話題 | 神奈川新聞 | 2014年5月9日(金) 11:40

中華街大通りの善隣門近くでビラ配りや客引きをしているアルバイト男性(左端)に注意する発展会関係者と加賀町署員=横浜市中区山下町
中華街大通りの善隣門近くでビラ配りや客引きをしているアルバイト男性(左端)に注意する発展会関係者と加賀町署員=横浜市中区山下町

 「食べ放題どうですか?」。4月下旬の平日午後1時。ランチ客でにぎわう横浜中華街・善隣門下では、食べ放題店の男性アルバイト数人が観光客にビラを配り、客引きに忙しい。

 そこへ、加賀町署員と、そろいの黄色いジャンパーを着た横浜中華街発展会協同組合の理事ら計約20人が現れた。

 「ここは公道だから無許可でビラ配りしては駄目」

 そう注意するとアルバイトらは「知らない。分からない」と足早に立ち去ろうとする。署員らは呼び止め、「公道でのビラ配りやクリ販売、客引き、露店の禁止」を中国語で呼び掛けるチラシを手渡して、「店のオーナーに伝えて」と畳み掛けた。

 中華街内の歩道には、大きな料理写真でメニューを紹介する看板や、人気商品名を掲げた旗などもびっしりと並んでいる。

 しかし、これらは道交法違反(道路の不正使用)に当たる。署員と発展会は各店舗を回り、「看板は店の敷地まで下げて」と指示して歩いた。

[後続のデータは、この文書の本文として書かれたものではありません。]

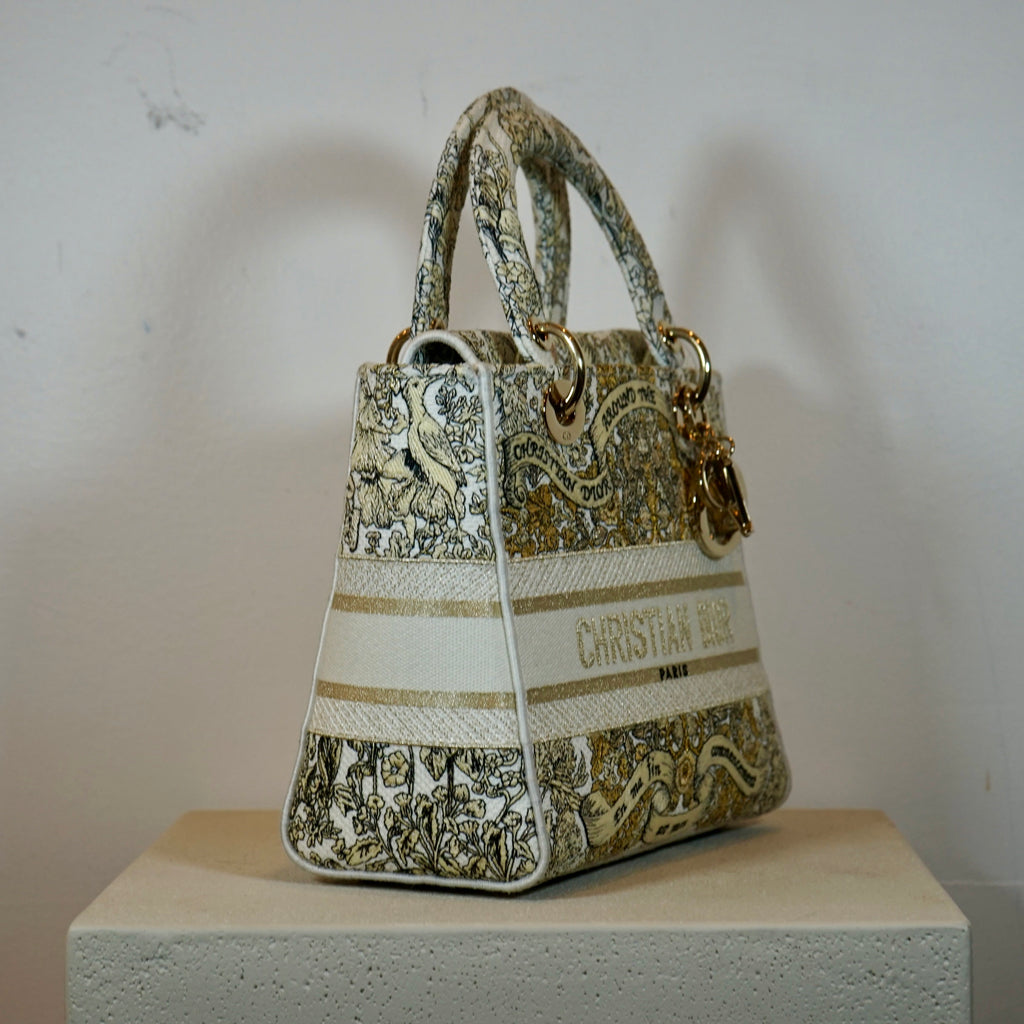 Christian Dior Latte Embroidery Around The World Motif Medium Lady Dior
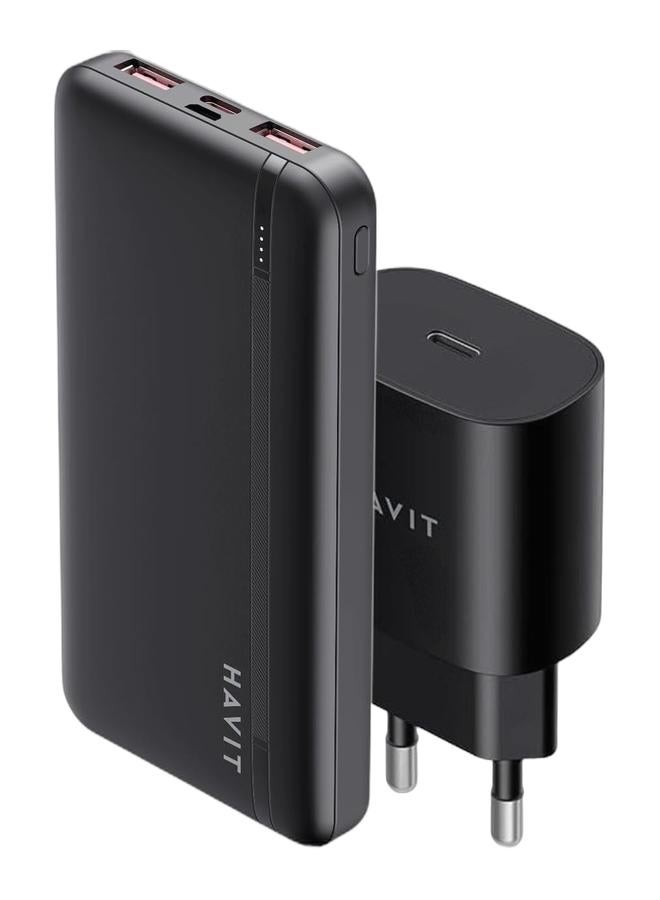 هافيت شاحن هافت ٢٥ وات مع باور بانك هافت سعه ١٠الاف قدره ٢٢.٥ وات - Image 1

 発展会がここまでパトロールに力を入れるのは、近年の新規参入店舗の増加とともに、販売マナーの違反が目立つようになったためだ。

 善隣門下での客引きやビラ配りは、多いときは10人近くで行われていることもあり、観光客から「しつこい」「怖い」などの苦情が寄せられている。歩道にせり出した看板や商品陳列は、歩行者天国ではない関帝廟通りなどでも常態化。車道にまで堂々と看板を置く店もあり、これ以上看過できないと判断した。

 横浜中華街は戦後、偏見や蔑視から差別的なまなざしを向けられたり、映画で犯罪の舞台にされたりし、「怖い街」というイメージを植え付けられた時代があった。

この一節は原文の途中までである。